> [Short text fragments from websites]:

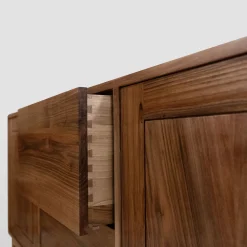 Credenza Minimalista in Noce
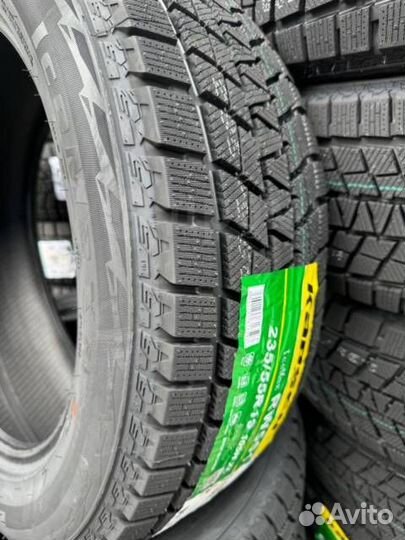 Kapsen IceMax RW501 235/55 R19 105H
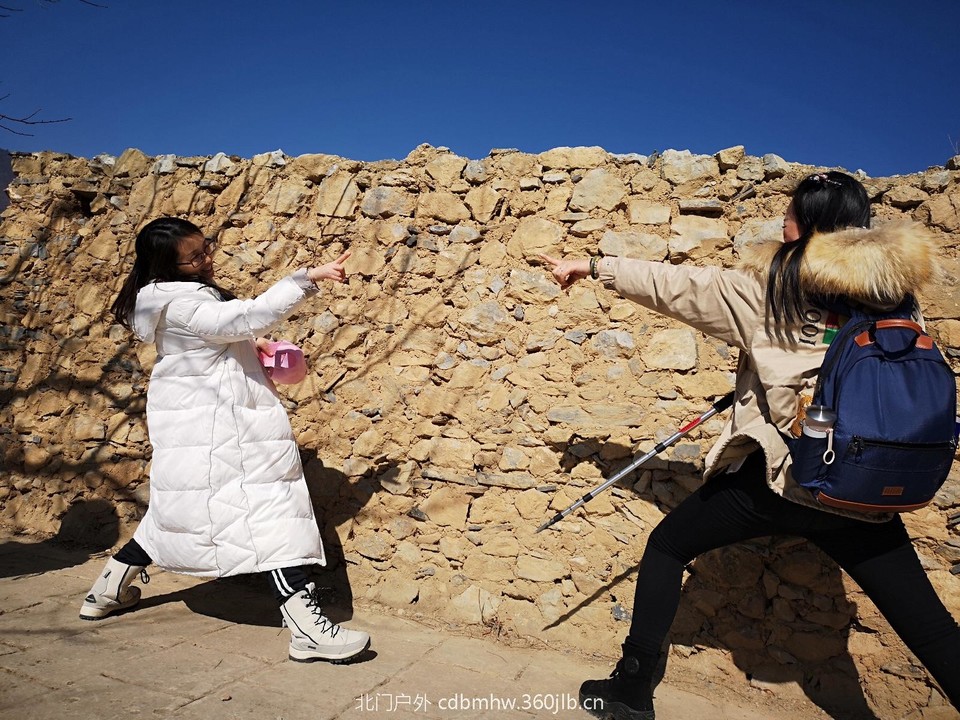 36D34600-17CE-448D-8250-AA6579819D1A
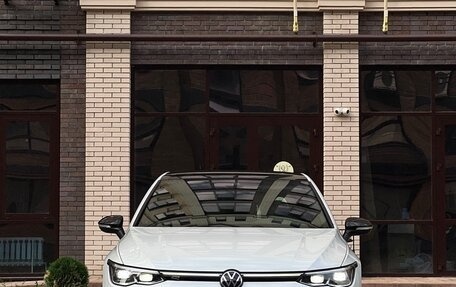 Volkswagen Golf VIII, 2021 год, 2 750 000 рублей, 10 фотография
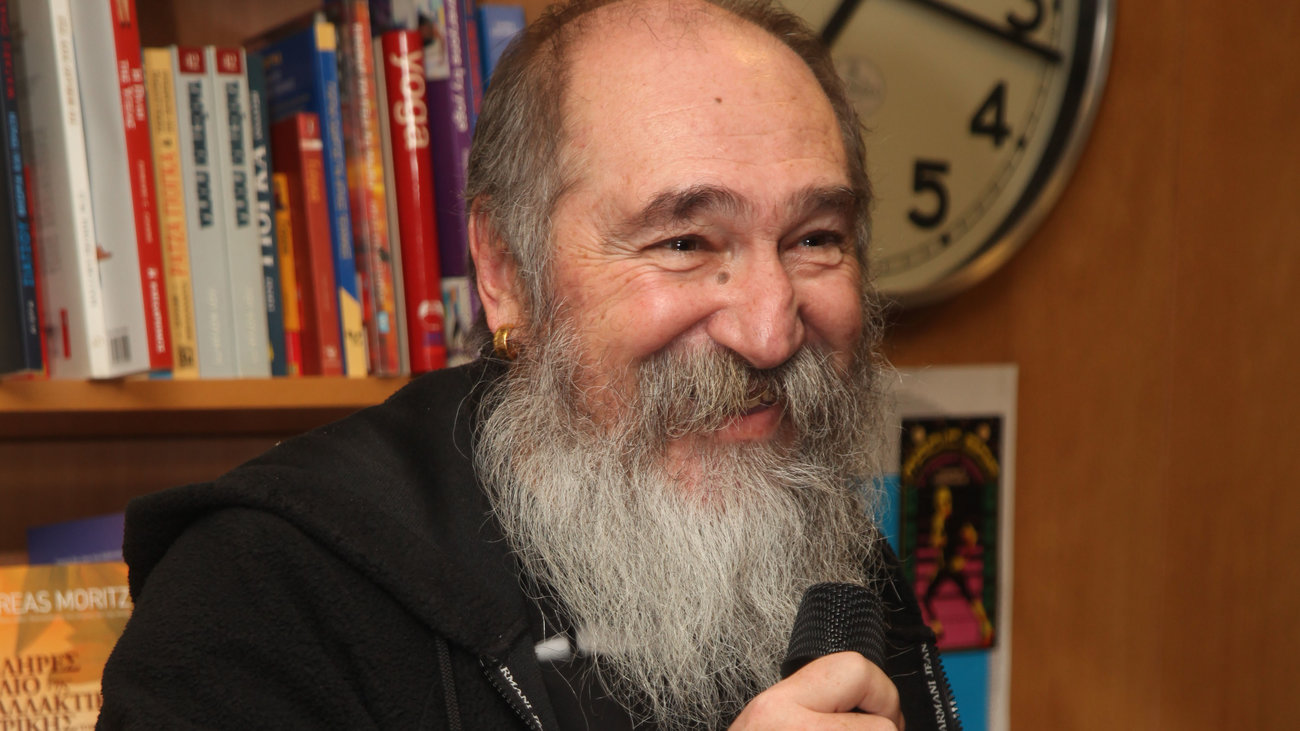 Θρήνος για τον χαμό του Τζίμη Πανούση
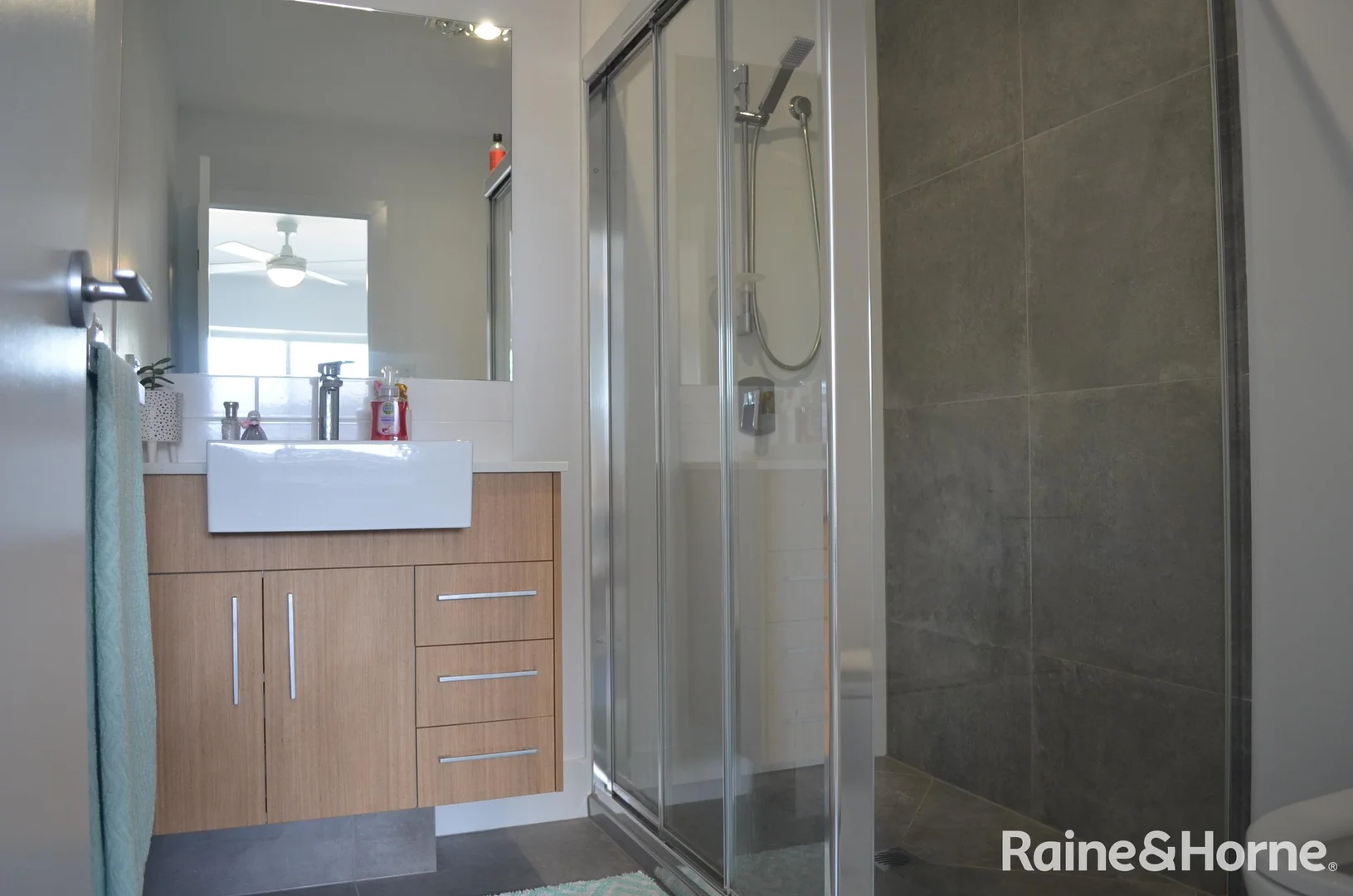 Additional image 8 of 10/159 Birkdale Road, Birkdale QLD 4159
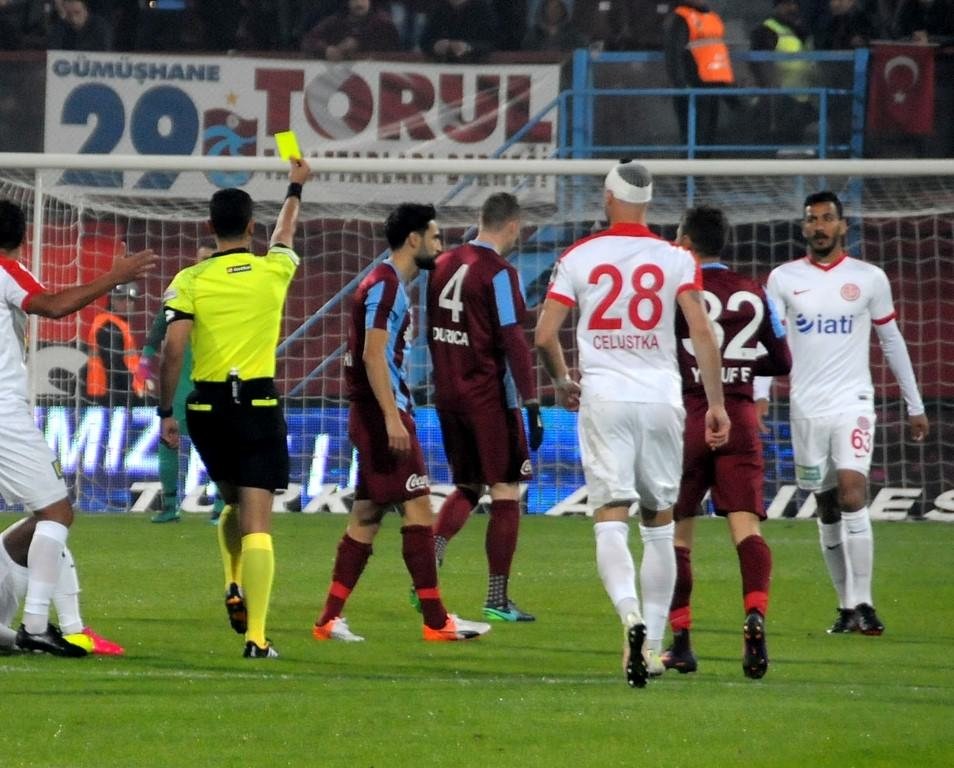 Trabzonspor-Antalyaspor karşılaşmasından kareler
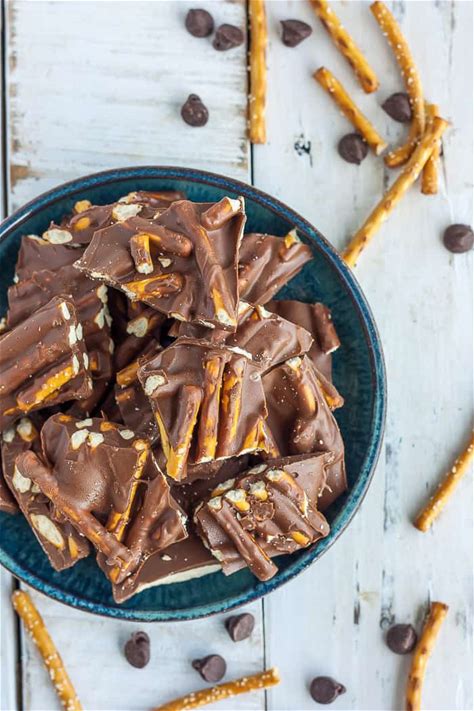 chocolate-bark-with-pretzels-sustainable image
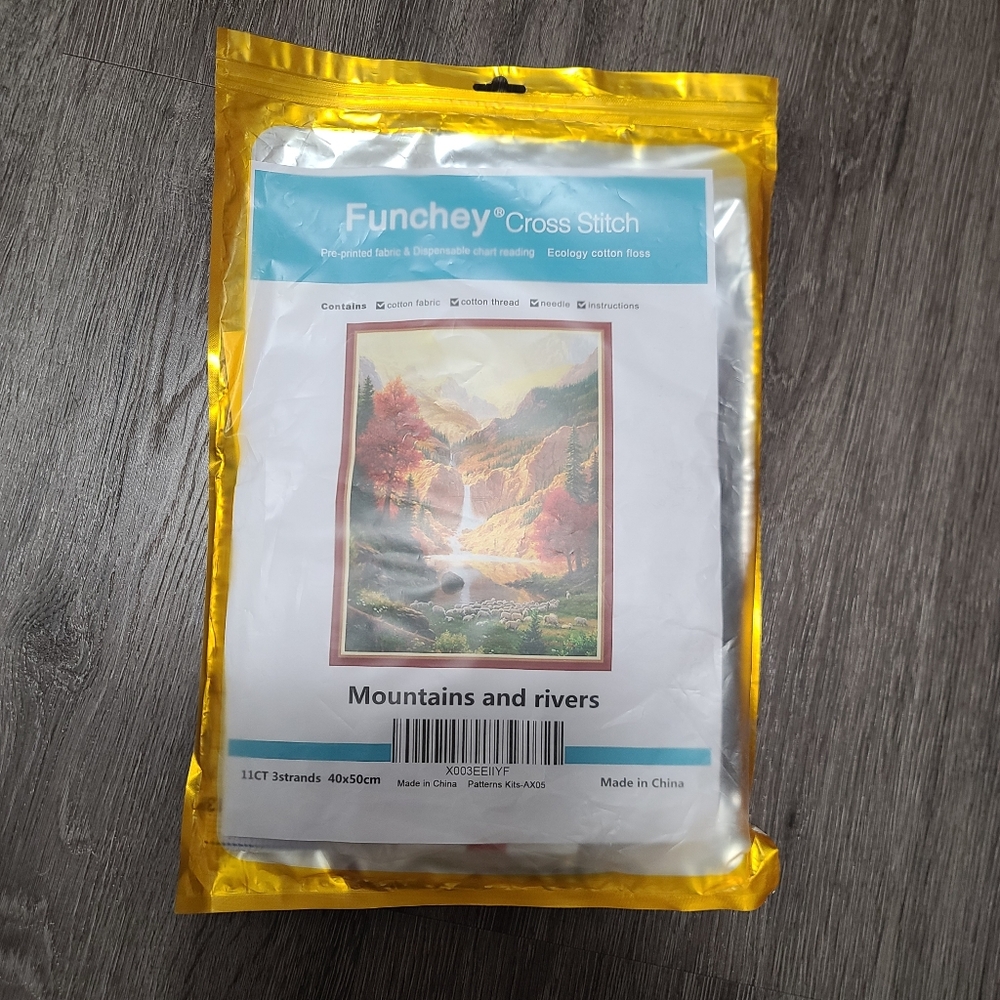 Funchey Cross Stitch Kit - Mountains and Rivers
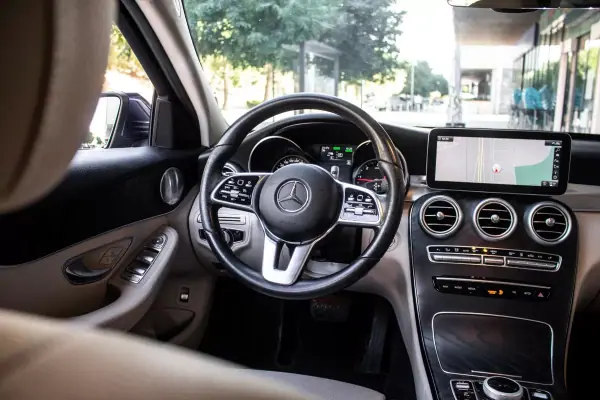 Mercedes-Benz C 300 2020 - 23990 EUR, 147104 km - AUTO.MOTO.pt - 147104km - foto 32 de 40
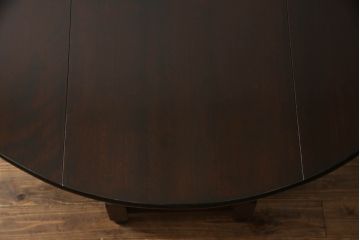 中古　美品　松本民芸家具　クラシカルな脚が目を惹くバタフライテーブル(ダイニングテーブル、ゲートレッグテーブル、2人掛け、4人掛け)(R-064885)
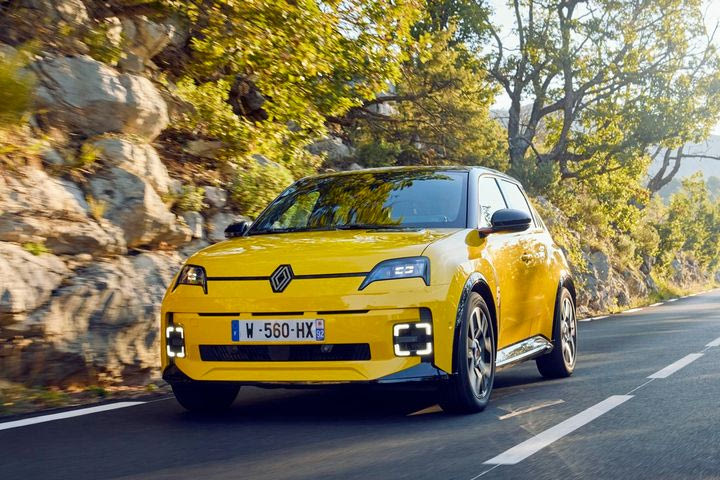 Στο ηλεκτρικό Renault 5 και το “δίδυμο” Alpine A290 ο τίτλος του “Ευρωπαϊκού Αυτοκινήτου της Χρονιάς” για το 2025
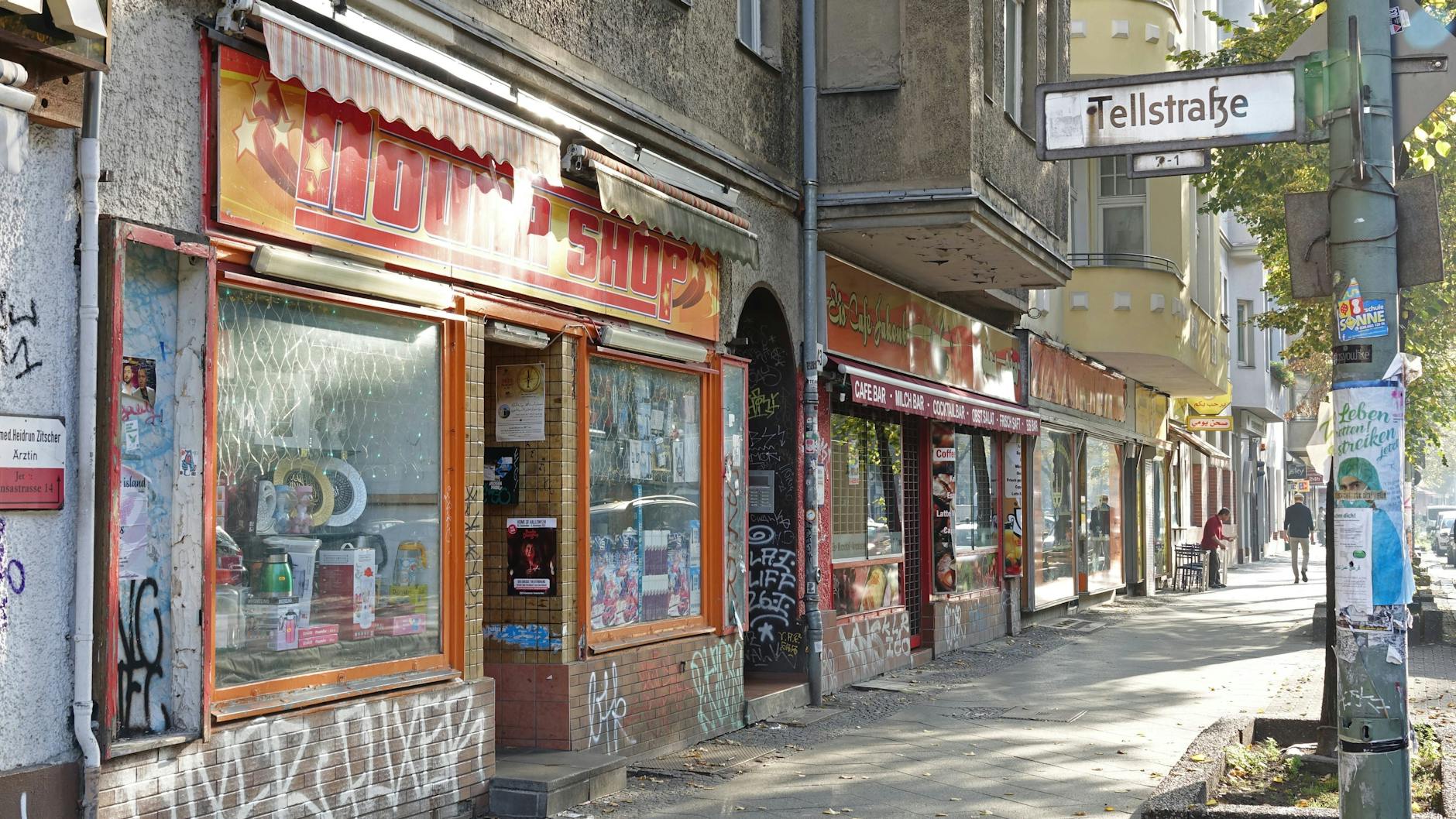 Sommer, Sonne, Sonnenschein: Die Sonnenallee, hier an der Ecke zur Tellstraße, versprüht kaum Urlaubsfeeling.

> [Problem description]: Please repeat the records above exactly, omitting any pictures they contain.

> [Final answer]:
 Credenza Minimalista in Noce
 Kapsen IceMax RW501 235/55 R19 105H
 36D34600-17CE-448D-8250-AA6579819D1A
 Volkswagen Golf VIII, 2021 год, 2 750 000 рублей, 10 фотография
 Θρήνος για τον χαμό του Τζίμη Πανούση
 Additional image 8 of 10/159 Birkdale Road, Birkdale QLD 4159
 Trabzonspor-Antalyaspor karşılaşmasından kareler
 chocolate-bark-with-pretzels-sustainable image
 Funchey Cross Stitch Kit - Mountains and Rivers
 Mercedes-Benz C 300 2020 - 23990 EUR, 147104 km - AUTO.MOTO.pt - 147104km - foto 32 de 40
 中古　美品　松本民芸家具　クラシカルな脚が目を惹くバタフライテーブル(ダイニングテーブル、ゲートレッグテーブル、2人掛け、4人掛け)(R-064885)
 Στο ηλεκτρικό Renault 5 και το “δίδυμο” Alpine A290 ο τίτλος του “Ευρωπαϊκού Αυτοκινήτου της Χρονιάς” για το 2025
 Sommer, Sonne, Sonnenschein: Die Sonnenallee, hier an der Ecke zur Tellstraße, versprüht kaum Urlaubsfeeling.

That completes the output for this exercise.